In the reply, include exactly the lines of the entries below from the first to the line with "A red and silver", that line included.

Caption-style text data:
##########
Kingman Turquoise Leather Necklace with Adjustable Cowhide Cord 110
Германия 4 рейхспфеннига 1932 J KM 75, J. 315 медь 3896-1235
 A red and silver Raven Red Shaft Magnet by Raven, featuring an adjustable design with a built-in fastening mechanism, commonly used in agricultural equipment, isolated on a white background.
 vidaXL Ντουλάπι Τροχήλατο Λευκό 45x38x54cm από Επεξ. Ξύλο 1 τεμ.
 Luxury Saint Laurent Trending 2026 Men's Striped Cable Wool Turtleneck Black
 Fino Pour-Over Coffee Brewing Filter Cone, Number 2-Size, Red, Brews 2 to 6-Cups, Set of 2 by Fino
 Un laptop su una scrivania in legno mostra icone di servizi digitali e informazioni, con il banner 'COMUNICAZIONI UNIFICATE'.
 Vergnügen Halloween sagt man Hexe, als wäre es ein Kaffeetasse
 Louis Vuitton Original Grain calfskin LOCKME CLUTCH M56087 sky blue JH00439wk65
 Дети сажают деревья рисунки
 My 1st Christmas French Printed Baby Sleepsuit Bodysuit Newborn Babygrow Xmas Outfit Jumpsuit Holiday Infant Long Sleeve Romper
##########
Solution for this exercise ▸
Kingman Turquoise Leather Necklace with Adjustable Cowhide Cord 110
Германия 4 рейхспфеннига 1932 J KM 75, J. 315 медь 3896-1235
 A red and silver Raven Red Shaft Magnet by Raven, featuring an adjustable design with a built-in fastening mechanism, commonly used in agricultural equipment, isolated on a white background.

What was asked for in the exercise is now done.